エアリスはむずがる子供のように身じろぎし、不安そうに瞳を彷徨わせた。
「タケルにとって、一番は間違いなくセーレス殿なのだ。たったひとり、なんの力も持たない脆弱なヒト種族として、異なる世界に放り出されたタケルを救い、確かな絆を結んだのは間違いなく彼女なのだ。もし私がタケルと最初に出会ったとして、同じように振る舞うことは決してできない。それを思うと私はどうしようもなくセーレス殿に負けている気がしてしまって……」
薄っすらと目尻に涙を溜めるエアリスをキュッと抱きしめ、カーミラはその頭を優しく撫でた。この感触もまた、エアリスの原初の記憶を大いに刺激した。
「お馬鹿さんですわね。あなたはそのとき、別のご主人様がちゃんといたのでしょう。それなのにセーレスちゃんと比べるのはおかしいわ。セーレスちゃんはね、多分寂しかったのよ。ずっと一人ぼっちでいることに耐えられなかった。だから目の前に突然現れたタケルがどうしようもなくキラキラした宝物に見えただけ。あなたがもしセーレスちゃんとまったく同じ立場と身の上だったら、きっとタケルと絆を結んでいたはずですわ」
「それは本当か、本当にそうだろうか。それでも私は――」
「それに、あなたには大きなアドバンテージ――強みがありますわ」
「強み? 一体それは……?」
「あの風の少女ですわ」
「あの子供が……?」
キョトンとして見上げてくるエアリス。
カーミラは力強く頷いた。
「タケルとセーレスちゃんの間に子供はいません。でも、あなたとの間にはいるじゃありませんの。地球においては、婚姻前の所謂『できちゃった婚』は世間体は悪いかもしれませんが、これは強力な切り札ですわよ。どんな放蕩な遊び人でも、子供ができたらもうおしまい。
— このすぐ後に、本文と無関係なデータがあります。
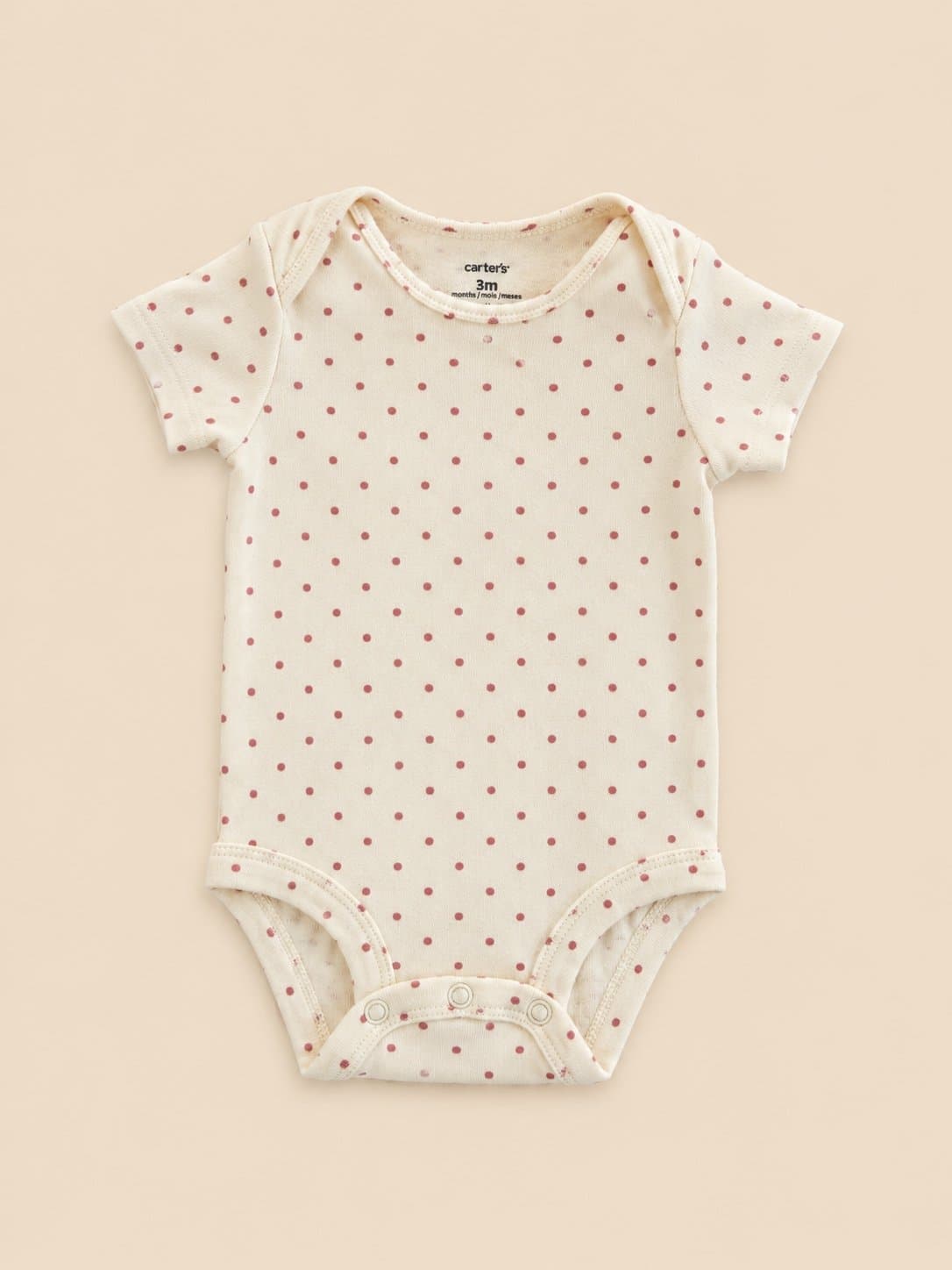 Carter’s Baby Girl Polka Dot Onesie Bodysuit 3M Pink White Short Sleeve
その女性を伴侶に娶らなければ死刑になってしまうのですわ」
「そんな厳しい決まりが……? 本当に?」
「ええ、本当ですわ」
「と、言うことは、私とタケルはもう既に――」
「夫婦ですわ」
キリっと凛々しく。ピンと清廉に。
その言葉はまるで神託のようにエアリスの胸に落ちた。
「
「おめでとう、これでセーレスちゃんに一歩リード、優位性を示せましたわ」
「な、なんという……、私はすでに手に入れていたというのか!」
「その通りです。さあ、子供の前でお母さんが泣いていてはいけません。あなたはこれからもっともっと強くならなくてはなりませんのよ」
「ああ……!」
エアリスは母の温もりを振り払い、己自身もまた母親たらんと立ち上がる。
その表情に弱々しい陰りは一切なかった。
どこまでも強く、気高い女の顔があるだけだった。
「みっともないところを見せてしまった。これでは母親失格だ」
「いいんですのよ。これは女同士の秘密の会――女子会なのですから」
「よいものだな。女子会とは」
「お気に召したのならまたいたしましょう。自分の本音をさらけ出し、腹を割って話し合うのです」
「ああ、ぜひ頼む」
少しだけ腫れぼったい目元で、エアリスは笑った。
同性ですら惚れ惚れするような太い笑みだった。
「こうしてはいられない、タケルとあの子の元に行かなければ――」
エアリスはしっかりとした足取りで瓦礫を乗り越えていく。
その後姿を見送りながら、ベゴニアはカーミラの隣に並び立った。
「お見事でしたカーミラ様。このベゴニア感服する思いです」
「いいえ、私は大したことはしていませんわ。すべてはあの子の
「カーミラ様が謙遜とは。私は素晴らしい主を持って幸せです」
「よしてちょうだいなベゴニア。――ああ、それにしても、ねえ?」
「はい?」
カーミラは少しだけ照れくさそうにはにかむ。
そして一番星見つけた、とばかりに宵の空を見上げ、吐息とともに告白する。
「松岡○造ってすごいんですのねえ。正直ちょろかったですわ」
「…………私、何も聞かなかったことにします」
そろそろ日が暮れる頃合いだった。